Dear 55-year old man at the pool (I know your age because you told me),
This afternoon you arrived with your little girls and helped them recover their footing after going down the water slide. It was very attentive of you and I'm sure they appreciated your presence. However, when you started helping other girls recover their footing, I wondered why the lifeguard didn't tell you that you weren't actually allowed to be there. I only saw you assist one girl who did not arrive with you and I gave you the benefit of the doubt. I had no idea that I would have reason to approach you later.
When my daughter came to ask me if we could buy french fries, I was a curious as to why my girls were sitting at a table with you. I assumed that maybe they had introduced themselves to your girls or maybe you had introduced your girls to them in order to help them find playmates at the pool. However, your girls were not sitting with you. My girls quickly changed tables to one I chose when I brought the fries over.

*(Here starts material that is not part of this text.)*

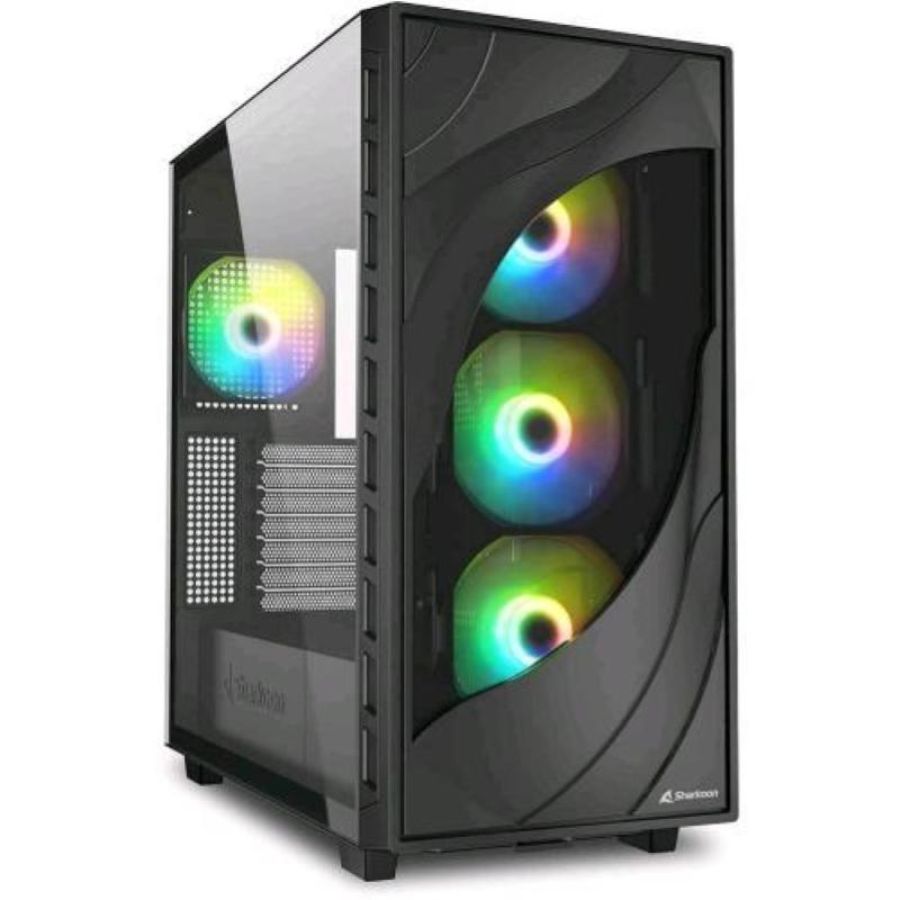 Sharkoon rebel c80g rgb case gaming con frontale e laterale in vetro temperato illuminazione rgb nero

A short while later, I heard that you offered candy to two of my children and a family friend while the oldest was away from the concession area. I also heard that the two younger ones accepted and you told them "don't tell your mom." When I confronted you about it, you admitted the situation and your wrong doing, including an apology. I told you that the situation raises red flags all over the place. What I didn't ask you about and it gives me a strong level of unease, is that my girls later told me that they were sitting at the table when you alone approached them and asked if you could sit with them. They thought that was weird and they are right. I won't even get into how many more flags became red with this information.
Rather than go into all the different emotions and questions I have at this time, I will simply thank you. Today I had opportunity to learn how my children react in what might be a potentially dangerous situation with strangers. I thought they had it drilled into them to not accept anything from strangers. I thought they knew to come get me if an adult they don't know is too close to them or talks to them. You helped me learn that we need to do more to prepare our kids with what to do. At this very moment, my kids are once again watching The Safe Side, and I have emphasized over and over that you were in their "safe side circle" and you are a "don't know."
From now on, when I see you at the pool, I will be watching you. I will be watching every move you make and will not hesitate to get pool management involved and I will not hesitate to call the police.
A loving and caring mom with good instincts.